The Dow Chemical Company (NYSE: DOW) and Mitsui & Co., Ltd., of Tokyo, Japan (NASDAQ: MITSY) announced today that the two companies have signed a definitive agreement to form a 50:50 manufacturing joint venture to construct, own and operate a new membrane chlor-alkali facility located at Dow’s Freeport, Texas, integrated manufacturing complex.
This landmark joint venture combines the strengths of two global companies to build a world-scale chlor-alkali plant on the US Gulf Coast.
The facility will be built using Dow's modern and efficient chlor-alkali technology, and takes the place of the previously announced Chlorine 7 project, which was a Dow-only venture.
"This joint venture with Mitsui is another meaningful example of our strategy in action - enabling us to continue to supply building blocks to our downstream performance businesses at lower cost and with less capital," said Andrew Liveris, Dow chairman and chief executive officer. "Dow’s Basic Chemicals business is a world-class manufacturing franchise that delivers unique product and technology integration advantage to our downstream performance and market-driven businesses. This strategic joint venture bolsters our integration strength, while also liberating capital for investment in businesses that are technology- and customer-driven with higher, more consistent earnings."
The new chlor-alkali facility is expected to begin operations in mid-2013, and will have a capacity of approximately 800 kilotons per annum. Dow will operate and maintain the chlor-alkali facility under contract to the joint venture.

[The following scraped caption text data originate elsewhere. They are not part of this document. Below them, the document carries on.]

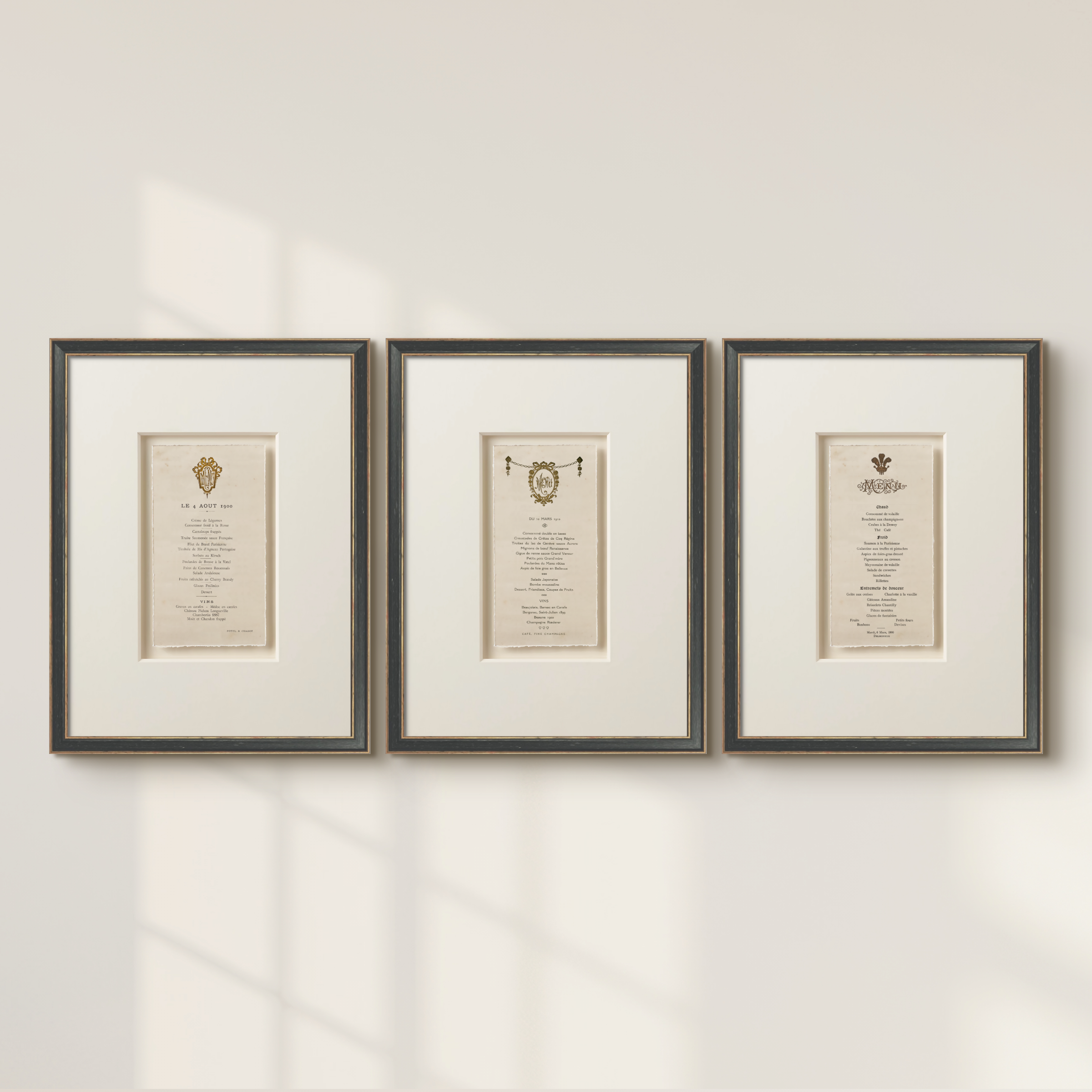 Vintage French Menus - August 1900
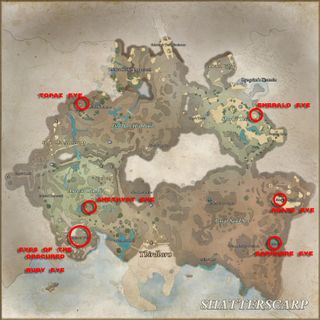 Avowed Totem of Revelations locations - A map showing the locations of all six totem fragments and the base hidden across Shatterscarp.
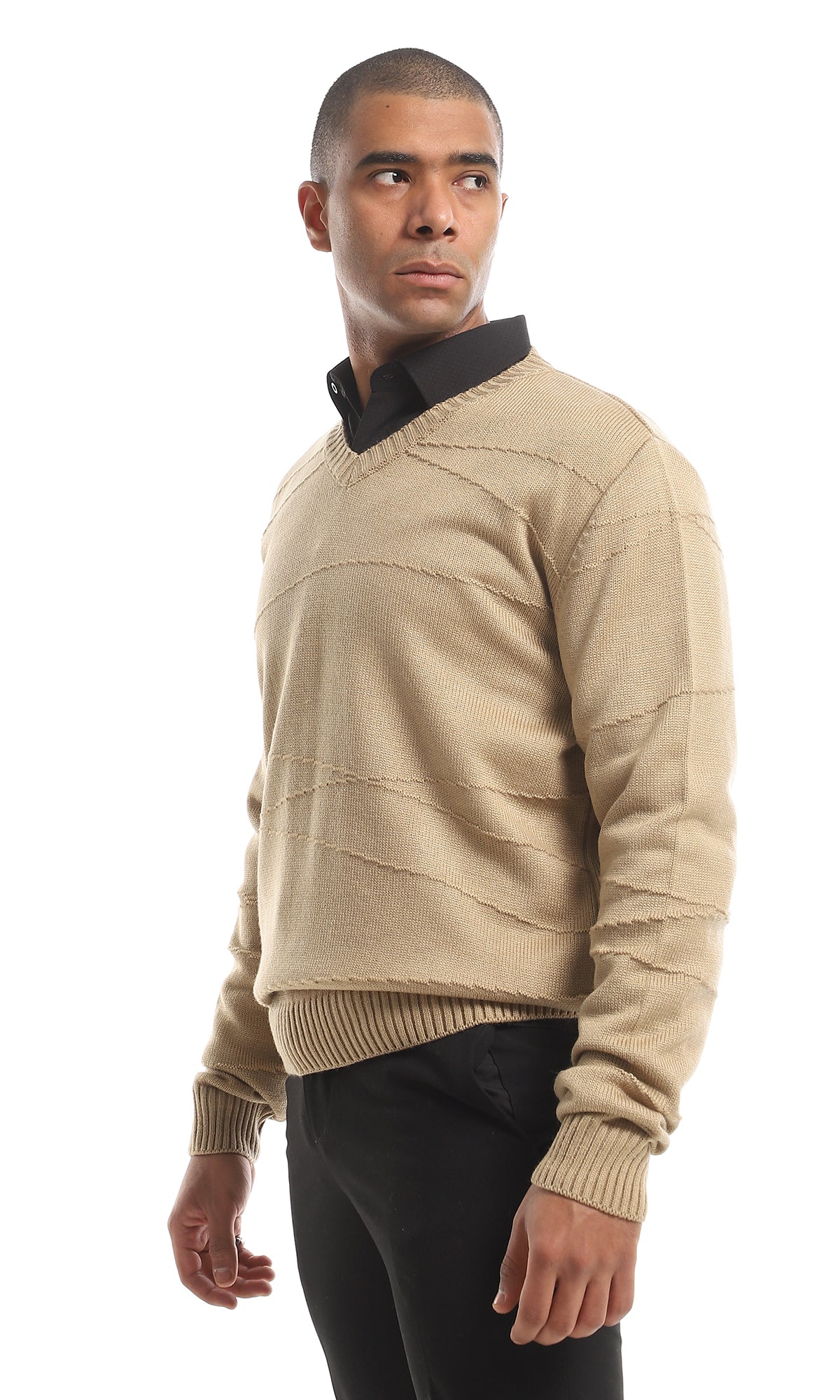 Cozy V-Neck Knitted Acrylic Pullover, Coffee - O161325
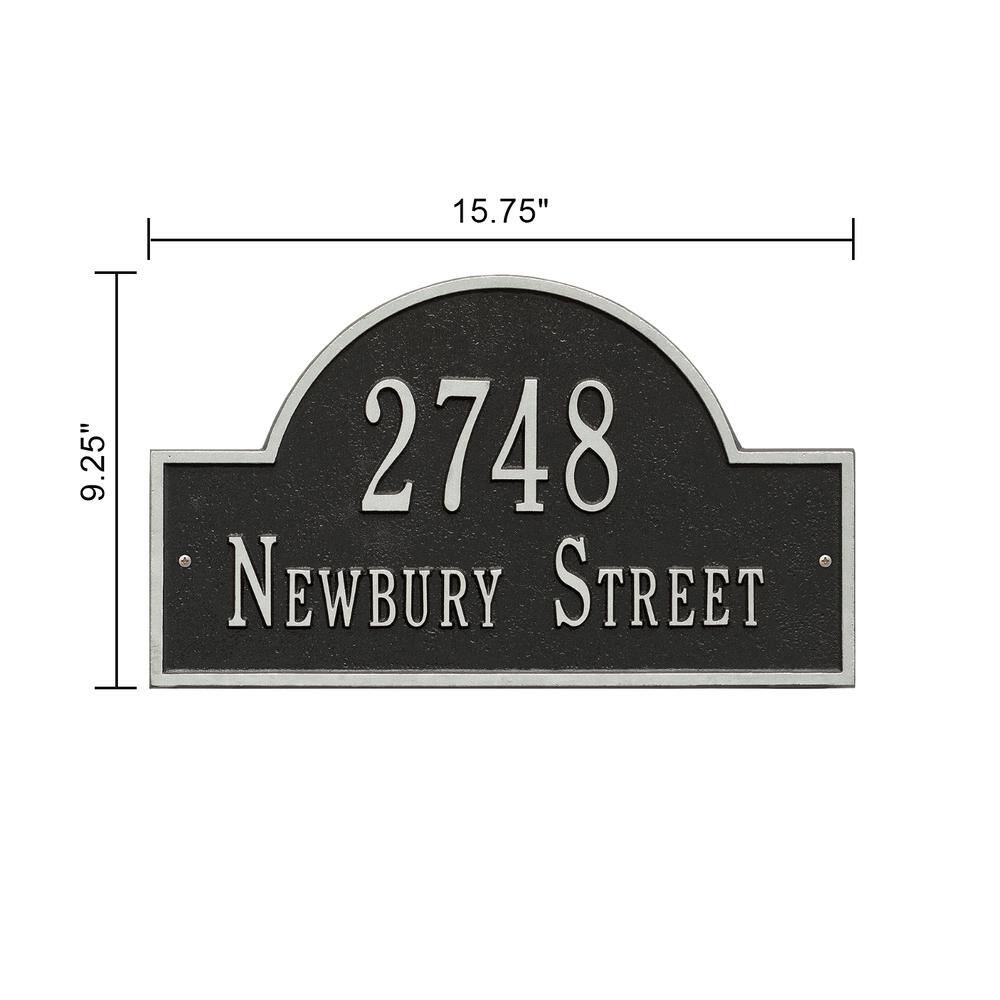 Whitehall Products Arch Marker Standard Black/Silver Wall 2-Line Address Plaque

Construction will begin in the fourth quarter of 2010. The venture will create approximately 50 long-term jobs at the Freeport, Texas, location, as well as approximately 500 construction jobs during the build.
The joint venture’s new chlor-alkali production facility will fuel the growing feedstock needs of Dow’s performance businesses with cost-advantaged chlorine supply.
More than 70 percent of Dow’s chlor-alkali production is used to serve its growing performance and market-driven businesses.
Close of the transaction is expected in the third quarter of 2010, depending upon regulatory approvals and customary closing conditions.